● HOW TO COMPLETE THIS TASK
The line with "Kore yemeği taze turp turpu." marks where to begin; print it and all lines after it in the material below exactly, skipping pictures.

◆ ◆ ◆ ◆ ◆

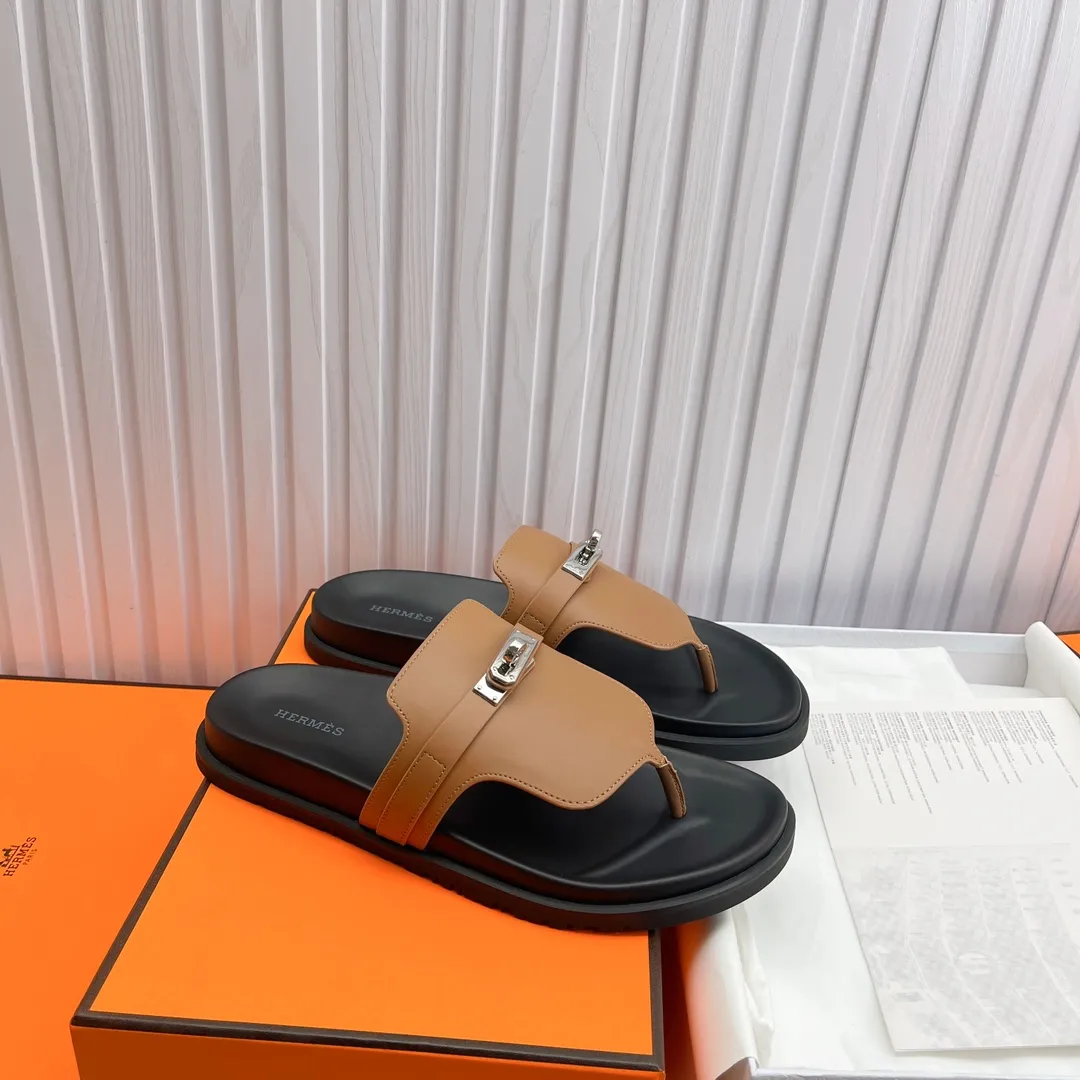 👟👟Ex-factory price 480👟👟 High version of Hermes 🐎The extremely popular couple's second uncle slippers/the latest snake print sandals and slippers, paired with various colorful socks, so trendy!  ———————— Upper: imported cowhide/Lining: imported cowhide Outsole: Tpu non-slip and wear-resistant outsole Female 36-46.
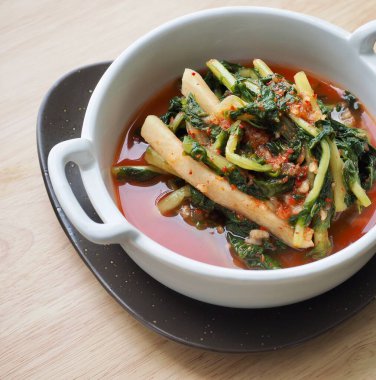 Kore yemeği taze turp turpu.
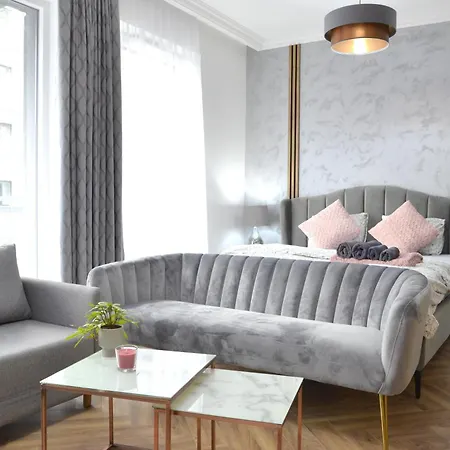 Private Parking, Secure Building - Old Town & Main Station Apartament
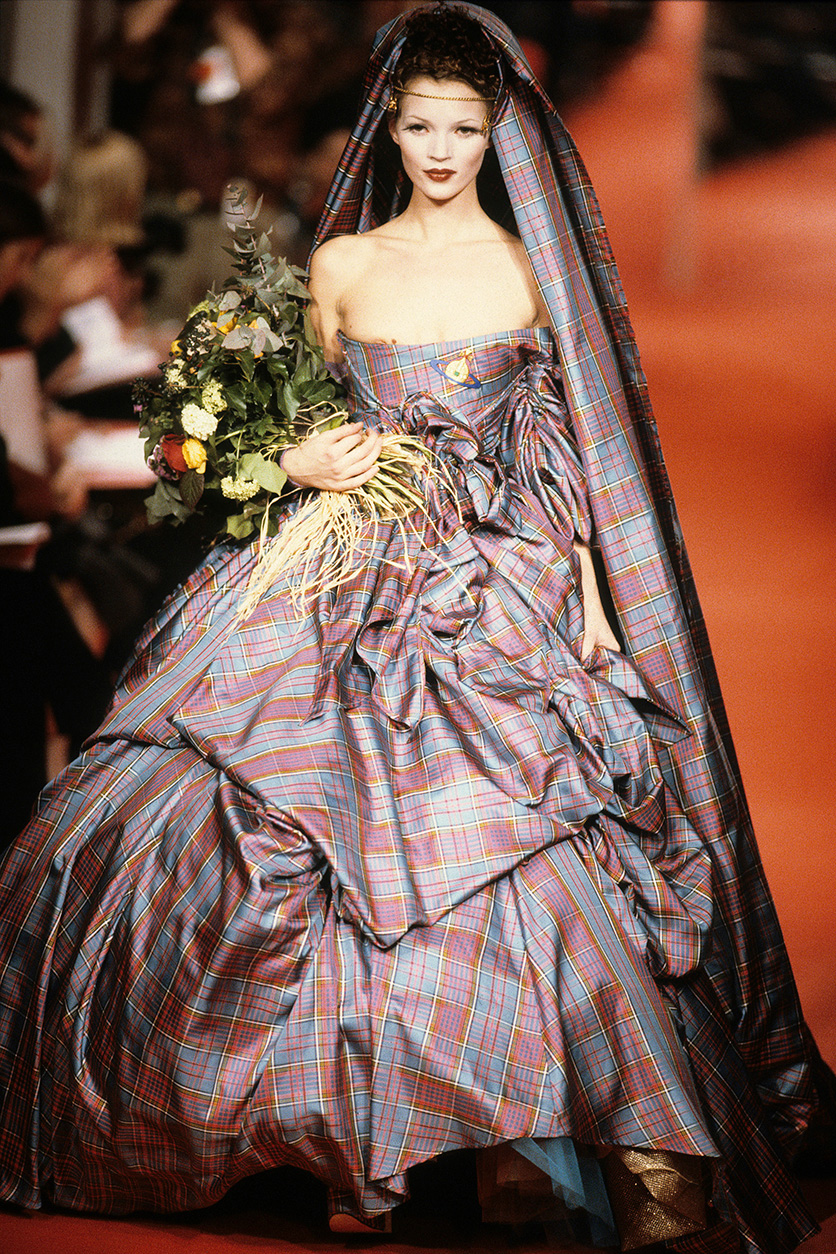 Vivienne Westwood meets Rei Kawakubo at the National Gallery of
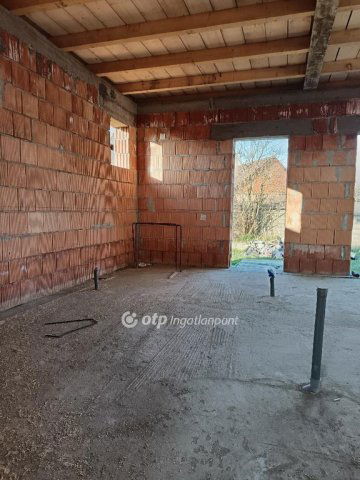 Eladó családi ház, Berettyóújfaluban 57.7 M Ft, 3+1 szobás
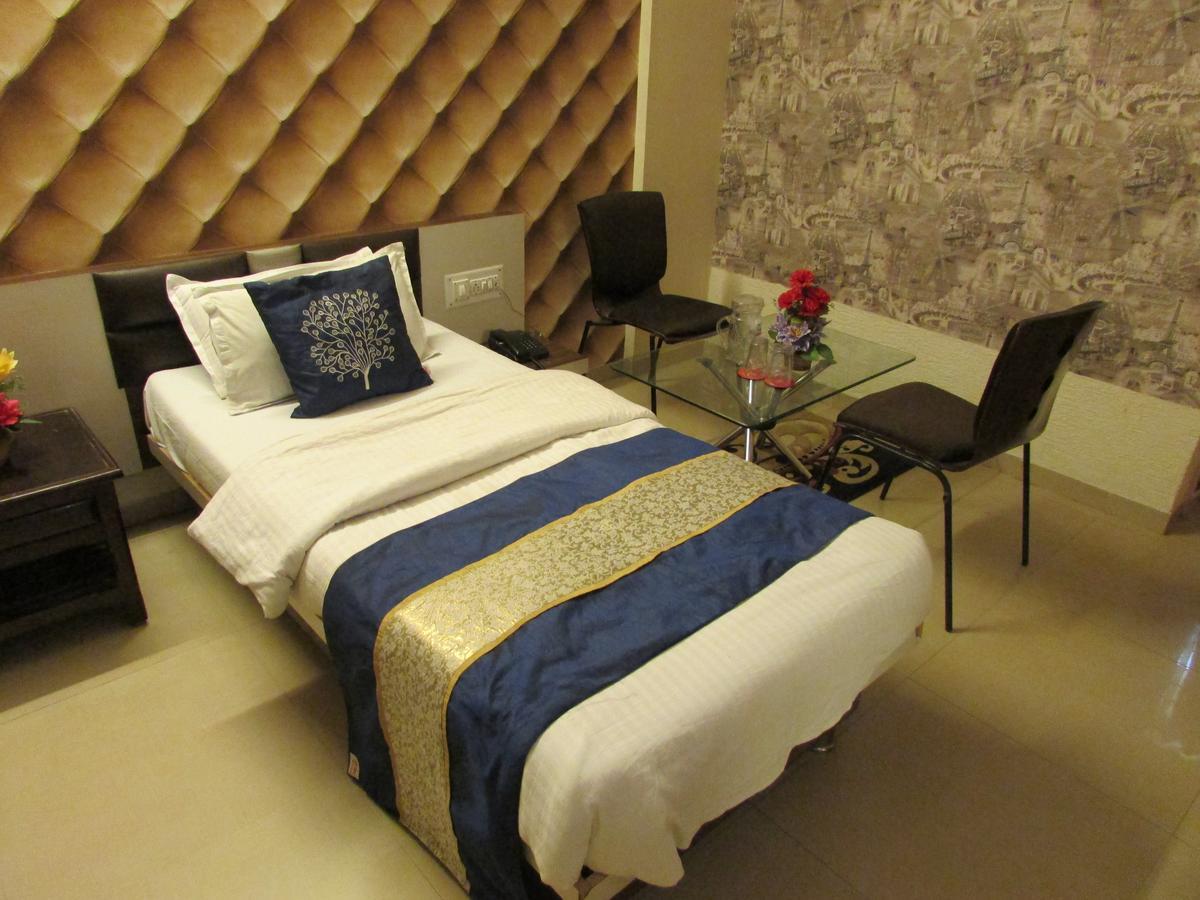 Hotel Neelkanth Residency Gandhinagar Buitenkant foto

◆ ◆ ◆ ◆ ◆

● ANSWER SPACE
 Kore yemeği taze turp turpu.
 Private Parking, Secure Building - Old Town & Main Station Apartament
 Vivienne Westwood meets Rei Kawakubo at the National Gallery of
 Eladó családi ház, Berettyóújfaluban 57.7 M Ft, 3+1 szobás
 Hotel Neelkanth Residency Gandhinagar Buitenkant foto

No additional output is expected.